Tasting Notes: How Max Richter turned Krug champagne into beautiful music
A remarkable new collaboration hopes to capture the sonic majesty of the 2008 vintage
- Words: Joseph Bullmore
- Photography: Krug
What does good champagne sound like? Not the pop of the cork (though is there a finer herald of good times than that?). Nor the fizzle of the foam or the steady sparkle of the bubbles. But on the palate; in the frontal cortex. “Come quickly, I’m tasting stars,” was the closest one of its originators was able to get to summing up champagne’s particular taste, its sensory essence — an example, as much as anything else, of the difficulties of describing the indescribable.

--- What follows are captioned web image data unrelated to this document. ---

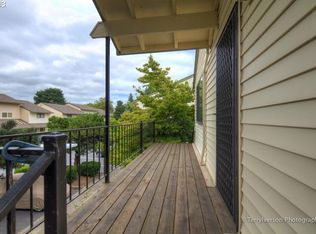 435 N Hayden Bay Dr #77, Portland, OR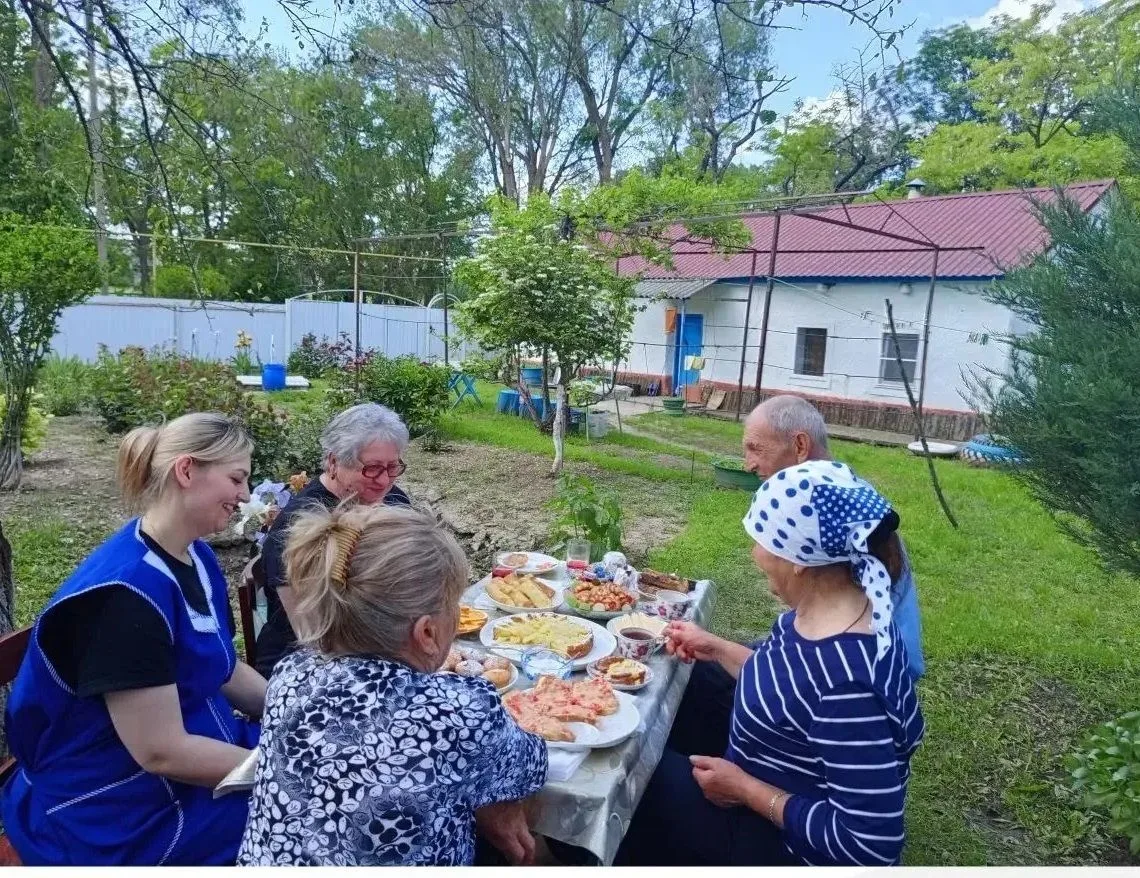 🏡 Соседи с друзьями приходят в ваш дом!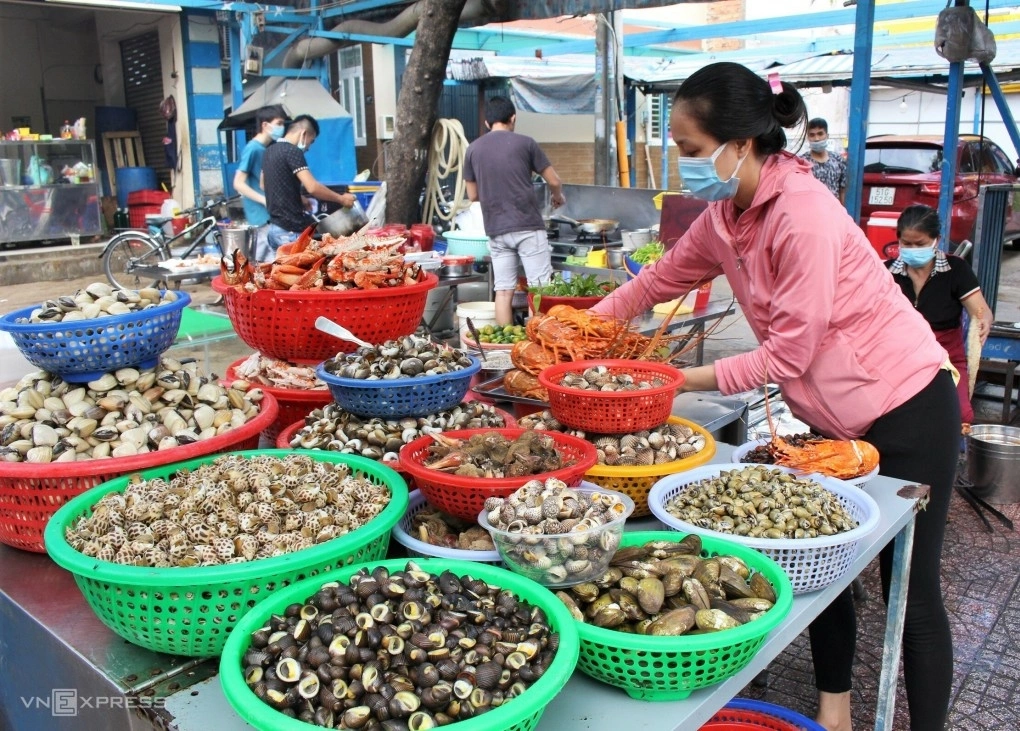 Các món ốc trên phố ốc Vĩnh Khánh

Three distinct expressions from a remarkable year, each interpreted through both wine and music.
Max Richter is better equipped than most for the challenge. Over 14 studio albums and countless film and television scores (would Hamnet have had its visceral beauty without Richter's strings?) he has soundtracked the lilting spectrum of human experience. Now, in partnership with Krug, he has released a suite of works that attempt somehow to capture the essence of three particular cuvées of champagne from a single year: Krug Clos d’Ambonnay 2008; Krug 2008; and Krug Grand Cuvée 164ème. This was a year, after all, in which “the harvest was described as exceptional and is considered one of the last truly classical northern climate years, marked by cool conditions, balanced contrasts and steady ripenings,” according to Krug Cellar Master Julie Cavil. It is a vintage that is both modern and current — and yet filled with a timeless classicism, she points out. Which might be the perfect descriptor, as it happens, of Richter’s own talent.

But how did the process begin? How do you turn tasting notes into musical ones? Richter began his creative process in the vineyards and the cellars, he says. “In a way, there was a big reservoir of experience to draw on.” The process of composition was like imagining “a parallel text.” Something that isn’t simply “descriptive” of the champagnes — but “also feels like them,” he says. “It’s a multisensory thing. It’s about the light, it's about texture; it's about time, the earth, the wind, the temperature that day; but also history, culture, people, and their intentions.” A great crushing together and blending of different elements and influences, perhaps — like ripe grapes, flushed with sunlight and sugar, being pressed for fermentation. Richter also brought his own memories of Krug to the mix, of course. It is his favourite champagne, and he jokes that all of his children were “Krug babies”.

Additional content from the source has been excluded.